At most elections in the Republic of Ireland the electoral register is based on residential address, and the only non-resident voters are those serving abroad on government business; this includes Irish diplomats and their spouses, and Defence Forces and Garda Síochána personnel but not their spouses.[1] [2] An exception is in elections to the Seanad (upper house) for which graduates voting in the university constituencies (National University of Ireland and Dublin University) may be nonresident.[3] A government bill introduced in 2019 proposed allowing non-resident citizens to vote in presidential elections.[4]
Expatriates intending to return to Ireland within eighteen months may retain their Irish address for electoral purposes, but must be present to vote in person.[5] [6] Maintenance of the electoral register is inefficient and emigrants often remain listed years after leaving; some return specifically to vote, which is technically illegal but difficult to enforce.[6] There is no requirement of residency for public representatives. Martin McGuinness, as a Derry resident, could not vote in the 2011 presidential election, in which he came third out of five candidates.[7] Chicago resident Billy Lawless was a Taoiseach's nominee to the 25th Seanad.[8]
Since the 1990s there have been proposals to allow emigrants to vote in elections to the Dáil (lower house) or Seanad, generally via a dedicated (single transferable vote multi-seat) constituency.[9] Groups established by economic emigrants leaving the 1980s recession have advocated for change.[10] A related issue is a proposed right of people in Northern Ireland to vote in the Republic.[11] Arguments in favour of expatriates voting include the economic and cultural importance of the Irish diaspora and the potential benefits of increasing its engagement with the state, and a moral debt owed to reluctant emigrants.[12] Arguments against include the possibility of the emigrant vote swamping residents, and that emigrants' views may conflict with residents'.[13] Of 70 million nonresidents claiming Irish ancestry, 3 million have Irish citizenship including 1 million who have lived in Ireland.[13] Most proposals would enfranchise only the subset of this 1 million who left Ireland a limited time before. The number is still large relative to a resident population (including children) of 4.8 million;[14] however, Iseult Honohan suggests that swamping could be prevented by making emigrants vote in a dedicated emigrants' constituency rather than in the constituency of their last Irish residence, so that expatriates would have lower apportionment than residents.[13] The Irish government is responsible to the Dáil, so proposals to allow expatriates to vote for the Seanad or the figurehead office of President would provide symbolic inclusion without jeopardising government stability.

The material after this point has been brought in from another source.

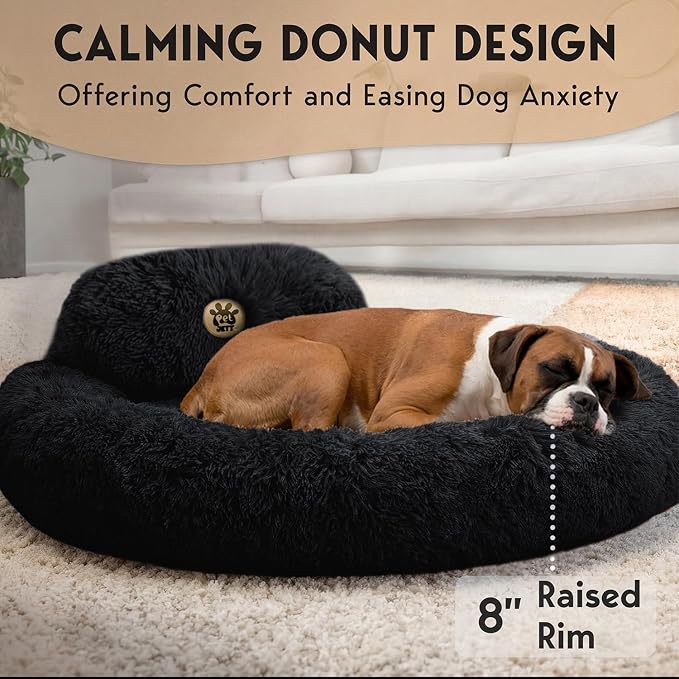 PetJett XL Dog Beds for Large Sized Dog - 45'' Extra Large Dog Bed, Anti-Slip & Washable Super Soft Round Donut Bed, Fluffy Faux Fur Anti-Anxiety Premium Comfort Pet Bed, Fits Dogs up to 120 lbs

The Oireachtas (parliament) committee on the constitution considered the matter in 2002; it recommended no extension of the franchise, but that among the senators nominated by the Taoiseach (prime minister) should be "a person or persons with an awareness of emigrant issues".[15] In 2014, the Oireachtas joint committee on European Union (EU) affairs considered a European Commission communication on "the consequences of disenfranchisement of Union citizens exercising their right to free movement", and recommended that Irish citizens abroad should have the right to vote in Dáil elections.[16] In 2015, a report on reform of the Seanad commissioned by the Taoiseach Enda Kenny recommended that senators on vocational panels should be directly rather than indirectly elected, from an electorate extended "to Irish citizens in Northern Ireland and to holders of Irish passports living overseas".[17]
See main article: Thirty-ninth Amendment of the Constitution Bill 2019. The Constitutional Convention in 2013 recommended allowing expatriate citizens to vote in presidential elections;[18] In 2017 the government agreed to this, published a position paper listing seven options for eligibility criteria and associated implementation measures, and promised a constitutional referendum on whichever option it would select, to be held alongside the 2019 local election.[19] In February 2019, the government decided that, due to the urgency of dealing with Brexit, the referendum would be postponed; it also agreed that the proposal would be "an extension of the franchise to all citizens resident outside the State, including citizens resident in Northern Ireland".[20] The resulting bill was introduced in the Dáil in September 2019.[4]
The 2021 report of the Seanad committee on Brexit noted a democratic deficit created by the Northern Ireland Protocol, which leaves Northern Ireland subject to some EU rules despite no longer participating in EU decision-making. Among the mitigations suggested in the report was allowing Irish citizens resident in Northern Ireland to vote in elections to the European Parliament.